One of the suspects, Maher Abdulaziz Mutreb, has close ties to Crown Prince Mohammad bin Salman, as photographs show him disembarking from airplanes with the crown prince in Madrid and Paris, according to the The New York Times. The suspect was also photographed next to the crown prince on visits to the U.N. and U.S.
A second suspect, Abdulaziz Mohammed al-Hawsawi, is reportedly a member of the crown prince's security detail as cited by a French professional who had previously worked with the royal family.
Thaar Ghaleb al-Barbi, a third suspect, is a high-ranking Saudi royal guard, promoted to the position for his valor in the defense of the crown prince's quarters in Jeddah, Saudi media reported.
A fourth suspect, Muhammad Saad Alzahrani, traveled with a passport under the name of another Saudi royal guard member. In addition, footage shows the royal guard member wearing a different name tag.
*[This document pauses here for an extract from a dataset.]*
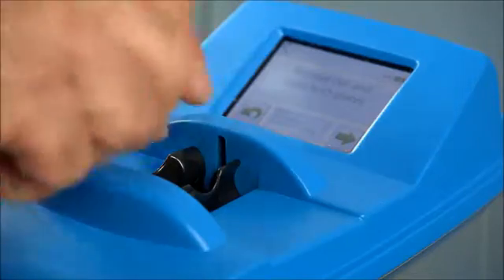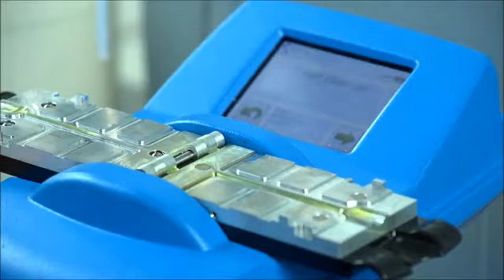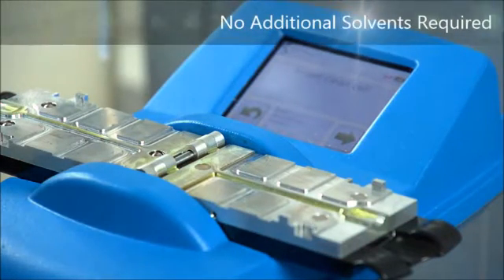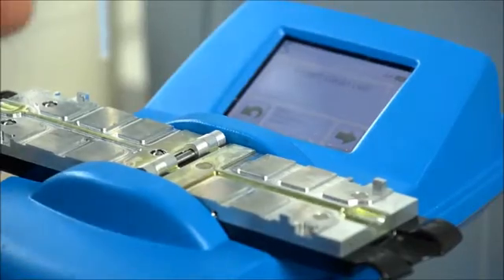After each sample, you want to clean the plates in order to prepare for the next sample. No solvents are required to clean the viscometer — a simple non-abrasive cleaning pad is all that's required.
The final suspect, Dr. Salah al-Tubaigy, the head of Forensic Evidence at the Saudi General Security Department who traveled to Istanbul on a Saudi expedition, is allegedly responsible for dismembering Khashoggi in the Saudi consul's Istanbul residence.
The New York Times echoed reports that Turkish authorities have successfully identified at least nine out of 15 suspects who have ties to Saudi's military, government or security services. The report stated that the suspects were transferred on private jets by a Saudi company that has direct links to the crown prince and Saudi's Interior Ministry.
A Turkish official reportedly said late Tuesday that Washington Post journalist and Riyadh critic Khashoggi was drugged, murdered and his body was cut into pieces after he visited the Saudi consulate in Istanbul on Oct. 2.
A Turkish investigator team and prosecutors conducted a nine-hour search in Saudi Arabia's consulate in Istanbul and will search Wednesday the residence of the Saudi consul, who returned to his country on Tuesday.
CNN and Al Jazeera reported the gruesome murder late Tuesday evening, citing an anonymous Turkish official. Al Jazeera said that Turkish officials claimed recordings of the horrific acts existed.
Following the reports, U.S. President Donald Trump said Saudi Arabia's crown prince denied knowledge of what happened to Khashoggi in a phone call.
"Just spoke with the Crown Prince of Saudi Arabia who totally denied any knowledge of what took place in their Turkish Consulate," Trump said on Twitter, referring to Crown Prince Mohammed bin Salman.
"He was with Secretary of State Mike Pompeo during the call, and told me that he has already started, and will rapidly expand, a full and complete investigation into this matter. Answers will be forthcoming shortly."
Dissident journalist Khashoggi, has been missing since Oct. 2 after entering the Saudi consulate to gather documents for marriage.
Khashoggi, who was considered close to the Saudi royal family, had become a critic of the current government and Crown Prince bin Salman, the 33-year-old heir apparent who has shown little tolerance for criticism.